- TASK INSTRUCTIONS -
For the entries below, report every line that includes the word "Canvas".

- DATA SUPPLIED -
-*-*-

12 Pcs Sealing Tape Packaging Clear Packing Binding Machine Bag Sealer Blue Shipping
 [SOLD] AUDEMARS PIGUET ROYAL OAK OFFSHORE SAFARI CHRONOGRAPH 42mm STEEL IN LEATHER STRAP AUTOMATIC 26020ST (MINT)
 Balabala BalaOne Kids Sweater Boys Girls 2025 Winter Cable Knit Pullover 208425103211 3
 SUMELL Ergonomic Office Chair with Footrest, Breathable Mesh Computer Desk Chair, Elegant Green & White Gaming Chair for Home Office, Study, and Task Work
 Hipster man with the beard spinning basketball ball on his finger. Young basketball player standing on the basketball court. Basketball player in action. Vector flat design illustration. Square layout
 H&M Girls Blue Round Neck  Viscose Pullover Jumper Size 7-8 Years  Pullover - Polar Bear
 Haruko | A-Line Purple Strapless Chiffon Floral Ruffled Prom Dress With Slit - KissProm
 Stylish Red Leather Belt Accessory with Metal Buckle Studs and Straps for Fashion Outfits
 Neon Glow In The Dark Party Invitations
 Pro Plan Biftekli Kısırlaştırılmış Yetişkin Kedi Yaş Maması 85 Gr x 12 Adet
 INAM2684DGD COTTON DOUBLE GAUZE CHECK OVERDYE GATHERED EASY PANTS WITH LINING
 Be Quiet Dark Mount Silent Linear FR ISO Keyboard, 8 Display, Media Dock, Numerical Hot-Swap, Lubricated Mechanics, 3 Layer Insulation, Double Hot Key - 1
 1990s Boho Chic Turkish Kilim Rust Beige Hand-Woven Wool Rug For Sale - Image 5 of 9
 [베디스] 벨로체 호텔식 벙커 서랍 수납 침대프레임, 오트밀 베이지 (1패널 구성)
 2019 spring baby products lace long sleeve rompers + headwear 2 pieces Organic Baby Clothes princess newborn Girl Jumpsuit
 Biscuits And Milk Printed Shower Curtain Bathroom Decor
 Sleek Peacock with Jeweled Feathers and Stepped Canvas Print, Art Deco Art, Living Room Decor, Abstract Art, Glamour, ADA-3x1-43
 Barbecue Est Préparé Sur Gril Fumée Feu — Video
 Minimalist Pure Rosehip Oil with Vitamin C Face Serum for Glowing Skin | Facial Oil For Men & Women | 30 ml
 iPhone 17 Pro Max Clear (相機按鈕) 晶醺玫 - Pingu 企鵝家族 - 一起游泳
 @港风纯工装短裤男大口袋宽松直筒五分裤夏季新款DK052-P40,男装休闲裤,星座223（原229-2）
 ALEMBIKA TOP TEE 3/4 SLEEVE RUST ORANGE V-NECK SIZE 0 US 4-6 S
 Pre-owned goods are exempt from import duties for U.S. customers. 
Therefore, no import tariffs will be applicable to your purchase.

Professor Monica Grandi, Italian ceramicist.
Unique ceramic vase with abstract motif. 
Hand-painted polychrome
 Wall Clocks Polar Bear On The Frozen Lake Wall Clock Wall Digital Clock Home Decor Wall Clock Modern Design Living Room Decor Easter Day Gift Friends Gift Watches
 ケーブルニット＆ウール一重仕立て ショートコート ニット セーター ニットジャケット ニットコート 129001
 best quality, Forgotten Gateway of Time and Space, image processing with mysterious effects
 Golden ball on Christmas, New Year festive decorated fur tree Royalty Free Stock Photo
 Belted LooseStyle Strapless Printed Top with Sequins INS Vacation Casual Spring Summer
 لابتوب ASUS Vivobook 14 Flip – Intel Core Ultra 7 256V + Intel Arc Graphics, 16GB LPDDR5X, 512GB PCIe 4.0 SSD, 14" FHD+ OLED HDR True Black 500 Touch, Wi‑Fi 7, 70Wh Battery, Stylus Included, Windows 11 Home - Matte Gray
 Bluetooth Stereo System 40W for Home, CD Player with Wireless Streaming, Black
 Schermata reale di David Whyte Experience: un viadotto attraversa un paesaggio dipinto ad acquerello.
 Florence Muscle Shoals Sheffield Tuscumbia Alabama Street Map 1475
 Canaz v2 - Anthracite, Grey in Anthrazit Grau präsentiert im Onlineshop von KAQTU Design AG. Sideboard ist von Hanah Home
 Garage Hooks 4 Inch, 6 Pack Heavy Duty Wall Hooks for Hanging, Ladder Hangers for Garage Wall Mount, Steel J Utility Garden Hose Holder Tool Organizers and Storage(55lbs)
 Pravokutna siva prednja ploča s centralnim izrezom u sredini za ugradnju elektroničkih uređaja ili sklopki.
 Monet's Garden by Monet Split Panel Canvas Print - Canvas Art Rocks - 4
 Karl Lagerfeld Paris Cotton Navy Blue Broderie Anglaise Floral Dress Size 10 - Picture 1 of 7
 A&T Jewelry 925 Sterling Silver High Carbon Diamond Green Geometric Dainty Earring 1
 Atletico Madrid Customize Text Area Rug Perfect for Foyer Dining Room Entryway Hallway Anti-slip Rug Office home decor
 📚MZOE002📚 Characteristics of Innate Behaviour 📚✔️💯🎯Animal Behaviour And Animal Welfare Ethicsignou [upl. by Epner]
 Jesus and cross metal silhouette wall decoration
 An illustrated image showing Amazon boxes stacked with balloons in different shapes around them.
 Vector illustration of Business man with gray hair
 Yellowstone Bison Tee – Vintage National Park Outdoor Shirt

-*-*-

- EXERCISE ANSWER -
 Sleek Peacock with Jeweled Feathers and Stepped Canvas Print, Art Deco Art, Living Room Decor, Abstract Art, Glamour, ADA-3x1-43
 Monet's Garden by Monet Split Panel Canvas Print - Canvas Art Rocks - 4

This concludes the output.